Search code examples
c++visual-c++wofstreamwifstream

how to get a single character from UTF-8 encoded URDU string written in a file?


i am working on Urdu Hindi translation/transliteration. my objective is to translate an Urdu sentence into Hindi and vice versa, i am using visual c++ 2010 software with c++ language. i have written an Urdu sentence in a text file saved as UTF-8 format. now i want to get a single character one by one from that file so that i can work on it to convert it into its equivalent Hindi character. when i try to get a single character from input file and write this single character on output file, i get some unknown ugly looking character placed in output file. kindly help me with proper code. my code is as follows

#include<iostream>
#include<fstream>
#include<cwchar>
#include<cstdlib>
using namespace std;
void main()
{
wchar_t arry[50];
wifstream inputfile("input.dat",ios::in);
wofstream outputfile("output.dat");

if(!inputfile)
{
    cerr<<"File not open"<<endl;
    exit(1);
}

while (!inputfile.eof())         // i am using this while just to 
                                     // make sure copy-paste operation of
                                     // written urdu text from one file to
                                     // another when i try to pick only one character
                                     // from file, it does not work. 

{   inputfile>>arry;   }
    int i=0;
    while(arry[i] != '\0')           // i want to get urdu character placed at 
                                     // each-index so that i can work on it to convert
                                     // it into its equivalent hindi character
{ outputfile<<arry[i]<<endl; 
      i++; }
     inputfile.close();
 outputfile.close();
cout<<"Hello world"<<endl;
   }

Solution

  • Assuming you are on Windows, the easiest way to get "useful" characters is to read a larger chunk of the file (for example a line, or the entire file), and convert it to UTF-16 using the MultiByteToWideChar function. Use the "pseudo"-codepage CP_UTF8. In many cases, decoding the UTF-16 isn't required, but I don't know about the languages you are referring to; if you expect non-BOM characters (with codes above 65535) you might want to consider decoding the UTF-16 (or decode the UTF-8 yourself) to avoid having to deal with 2-word characters.
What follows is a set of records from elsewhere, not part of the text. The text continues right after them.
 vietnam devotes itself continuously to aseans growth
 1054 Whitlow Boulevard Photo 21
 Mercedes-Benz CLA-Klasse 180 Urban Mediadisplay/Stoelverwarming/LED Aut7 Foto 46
    You can also write your own UTF-8 decoder, if you prefer. It's not complicated, and just requires some bit-juggling to extract the proper bits from the input bytes and assemble them into the final unicode value.

    HINT: Windows also has a NormalizeString() function, which you can use to make sure the characters from the file are what you expect. This can be used to transform characters that have several representations in Unicode into their "canonical" representation.

    EDIT: if you read up on UTF-8 encoding, you can easily see that you can read the first byte, figure out how many more bytes you need, read these as well, and pass the whole thing to MultiByteToWideChar or your own decoder (although your own decoder could just read from the file, of course). That way you could really do a "read one char at a time".